Nexa3D has disputed claims it has filed – or intends to file – for chapter 11 bankruptcy.
The company was due to exhibit at this year’s Formnext trade fair in Frankfurt until a late withdrawal.
Its absence generated much discussion, with rumours and reports suggesting the company is facing bankruptcy. There were also suggestions that founder Avi Reichental had left his position as CEO and that a wave of redundancies had left the company with only 20 staff. Nexa3D has refuted all of the above, with one caveat.
While the company insists a bankruptcy isn’t imminent and that Reichental remains in post as CEO, it did confirm a reduction in workforce has taken place. The company made those redundancies to ‘rightsize’ Nexa3D while it navigates the ‘tough economic conditions that additive industry is currently experiencing’ but has told TCT there are 'certainly more than 20' staff working for the company.
Prior to the rumour mill going into overdrive, Nexa3D published a blog post which explained the company would not be exhibiting at Formnext 2024 and was instead spending the week moving into a brand-new facility that ‘marks its commitment to scalability and growth.’ The post noted how a ‘strategic decision to focus inward’ had been made, with Nexa3D channelling its resources into the transition from one facility to another.
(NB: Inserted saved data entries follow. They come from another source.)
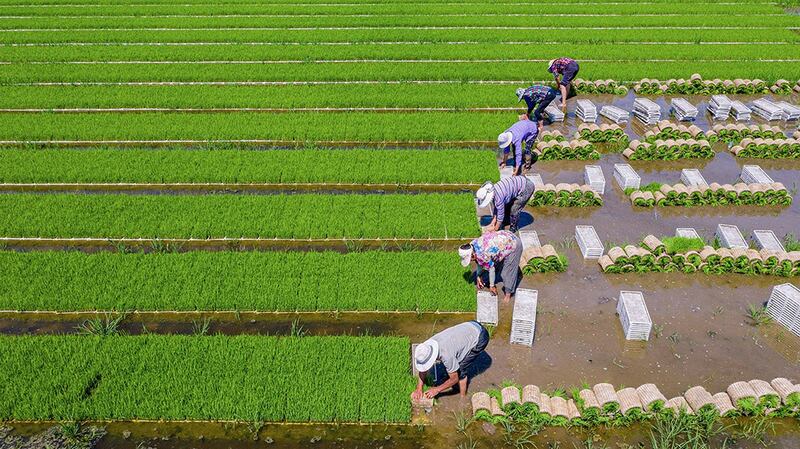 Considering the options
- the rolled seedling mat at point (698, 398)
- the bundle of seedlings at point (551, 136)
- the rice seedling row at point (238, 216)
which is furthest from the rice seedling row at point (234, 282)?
the bundle of seedlings at point (551, 136)

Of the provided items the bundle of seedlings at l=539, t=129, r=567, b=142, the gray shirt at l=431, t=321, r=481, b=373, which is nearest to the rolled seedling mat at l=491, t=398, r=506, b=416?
the gray shirt at l=431, t=321, r=481, b=373

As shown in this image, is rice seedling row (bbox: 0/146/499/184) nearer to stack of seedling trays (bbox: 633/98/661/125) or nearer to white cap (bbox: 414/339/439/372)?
stack of seedling trays (bbox: 633/98/661/125)

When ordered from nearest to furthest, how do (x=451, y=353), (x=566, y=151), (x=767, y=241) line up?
1. (x=451, y=353)
2. (x=767, y=241)
3. (x=566, y=151)

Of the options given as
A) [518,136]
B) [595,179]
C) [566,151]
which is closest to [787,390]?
[595,179]

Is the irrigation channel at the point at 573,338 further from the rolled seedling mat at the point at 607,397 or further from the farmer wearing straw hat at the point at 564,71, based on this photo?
the farmer wearing straw hat at the point at 564,71

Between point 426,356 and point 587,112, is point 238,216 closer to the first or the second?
point 426,356

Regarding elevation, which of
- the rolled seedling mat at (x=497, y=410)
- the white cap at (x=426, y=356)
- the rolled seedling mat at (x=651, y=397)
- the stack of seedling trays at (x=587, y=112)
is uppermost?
the stack of seedling trays at (x=587, y=112) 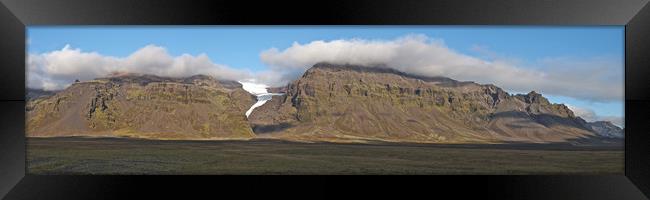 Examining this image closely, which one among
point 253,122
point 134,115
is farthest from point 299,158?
point 134,115

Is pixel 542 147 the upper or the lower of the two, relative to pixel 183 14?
lower

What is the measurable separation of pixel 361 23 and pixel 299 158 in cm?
11335

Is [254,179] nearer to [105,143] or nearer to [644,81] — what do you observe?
[644,81]

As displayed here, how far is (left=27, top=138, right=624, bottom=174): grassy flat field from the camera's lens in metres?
107

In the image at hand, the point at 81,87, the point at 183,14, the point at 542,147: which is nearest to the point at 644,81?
the point at 183,14

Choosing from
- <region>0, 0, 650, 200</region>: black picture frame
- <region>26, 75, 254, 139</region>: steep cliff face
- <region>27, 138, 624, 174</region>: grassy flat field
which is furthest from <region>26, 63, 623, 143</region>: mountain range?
<region>0, 0, 650, 200</region>: black picture frame

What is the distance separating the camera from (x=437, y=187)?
545 inches

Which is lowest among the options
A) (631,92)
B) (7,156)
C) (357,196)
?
(357,196)

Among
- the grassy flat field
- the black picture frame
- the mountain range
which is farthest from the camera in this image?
the mountain range

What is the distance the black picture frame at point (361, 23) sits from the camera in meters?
13.0

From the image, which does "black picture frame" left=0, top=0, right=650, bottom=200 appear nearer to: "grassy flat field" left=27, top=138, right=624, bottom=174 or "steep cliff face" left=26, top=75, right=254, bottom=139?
"grassy flat field" left=27, top=138, right=624, bottom=174

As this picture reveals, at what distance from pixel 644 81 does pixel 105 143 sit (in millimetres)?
155880

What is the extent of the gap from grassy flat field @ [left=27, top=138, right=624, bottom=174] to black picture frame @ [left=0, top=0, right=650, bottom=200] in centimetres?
7768

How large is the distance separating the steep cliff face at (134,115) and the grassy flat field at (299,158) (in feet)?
24.5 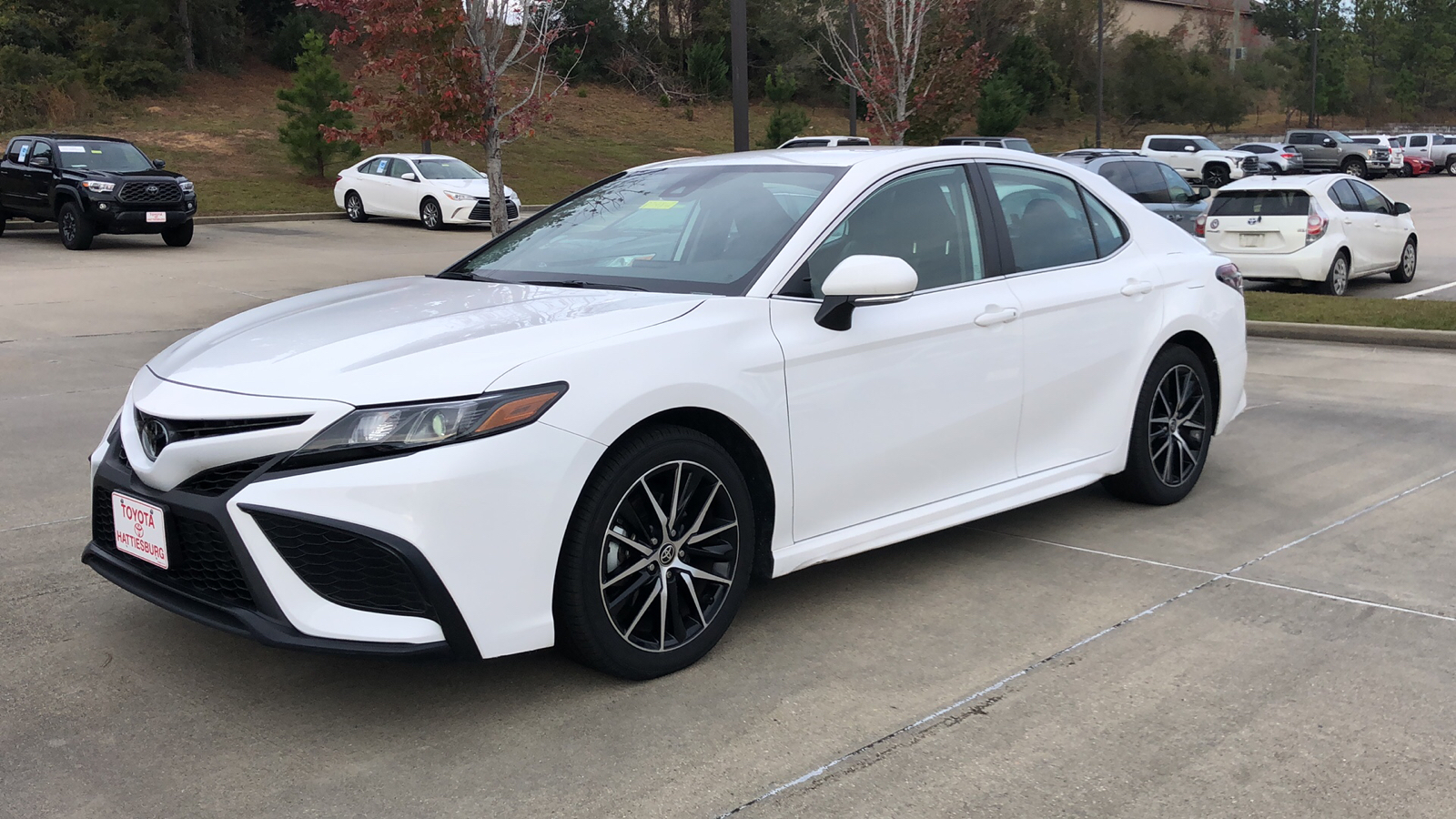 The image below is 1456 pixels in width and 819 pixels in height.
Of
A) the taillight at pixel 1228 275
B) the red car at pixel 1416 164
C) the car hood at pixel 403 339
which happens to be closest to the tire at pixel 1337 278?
the taillight at pixel 1228 275

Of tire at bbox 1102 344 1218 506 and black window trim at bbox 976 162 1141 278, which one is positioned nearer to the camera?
black window trim at bbox 976 162 1141 278

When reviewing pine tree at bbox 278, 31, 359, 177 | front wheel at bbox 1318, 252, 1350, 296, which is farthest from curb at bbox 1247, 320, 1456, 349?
pine tree at bbox 278, 31, 359, 177

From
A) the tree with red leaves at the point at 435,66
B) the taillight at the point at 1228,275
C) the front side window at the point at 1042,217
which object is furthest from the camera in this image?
the tree with red leaves at the point at 435,66

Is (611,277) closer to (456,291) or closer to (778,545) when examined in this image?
(456,291)

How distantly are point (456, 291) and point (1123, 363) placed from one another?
2827mm

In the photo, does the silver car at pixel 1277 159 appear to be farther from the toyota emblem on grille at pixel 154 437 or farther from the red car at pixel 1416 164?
the toyota emblem on grille at pixel 154 437

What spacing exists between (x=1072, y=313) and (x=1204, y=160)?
37.0 metres

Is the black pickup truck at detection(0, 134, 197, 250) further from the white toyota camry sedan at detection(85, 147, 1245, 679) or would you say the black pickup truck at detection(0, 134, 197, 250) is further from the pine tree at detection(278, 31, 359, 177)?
the white toyota camry sedan at detection(85, 147, 1245, 679)

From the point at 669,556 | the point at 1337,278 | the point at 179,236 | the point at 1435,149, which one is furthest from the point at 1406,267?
the point at 1435,149

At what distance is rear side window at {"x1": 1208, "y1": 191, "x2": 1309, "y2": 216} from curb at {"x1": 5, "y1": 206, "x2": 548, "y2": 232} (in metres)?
12.8

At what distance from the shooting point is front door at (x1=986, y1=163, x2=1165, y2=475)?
4.99 m

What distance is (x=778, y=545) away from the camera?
411 centimetres

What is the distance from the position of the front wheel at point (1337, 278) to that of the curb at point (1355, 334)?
3873 millimetres

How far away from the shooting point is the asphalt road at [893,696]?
10.4 feet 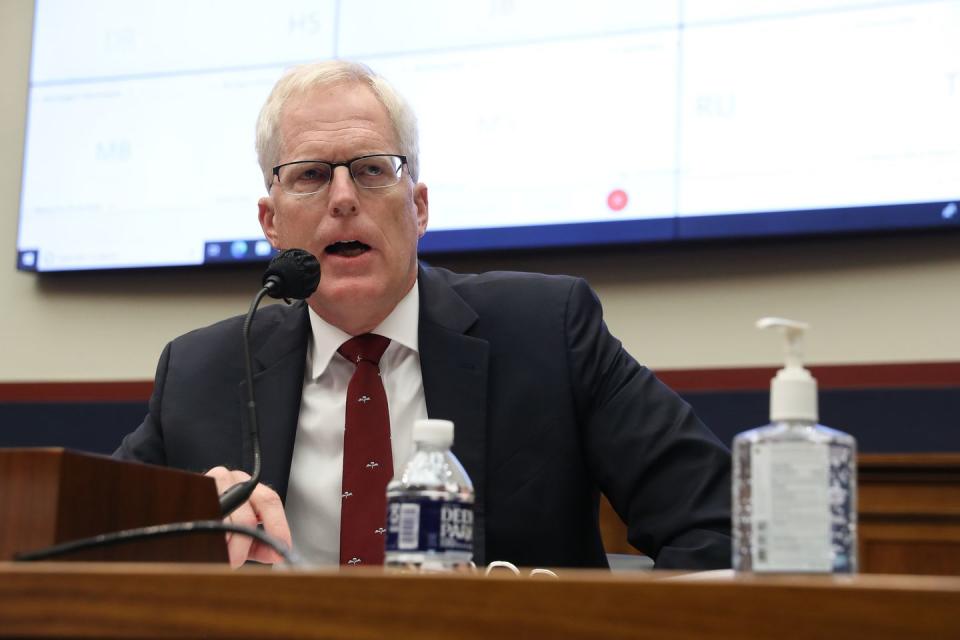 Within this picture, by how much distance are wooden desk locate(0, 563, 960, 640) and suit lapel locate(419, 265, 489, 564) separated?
1017 millimetres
In response to TCT’s enquiries, Nexa3D also provided the following statement from CEO Reichental: “Nexa3D was unable to attend Formnext 2024 as we instead focused on our corporate consolidation into one facility. Like many other 3D printing companies, we did implement a reduction in our workforce earlier this year. With that in consideration, we could not split resources between the move and Formnext. We always want to execute well, and with a split focus, we knew that would not be possible. Instead, we decided to focus on the business needs in front of us.”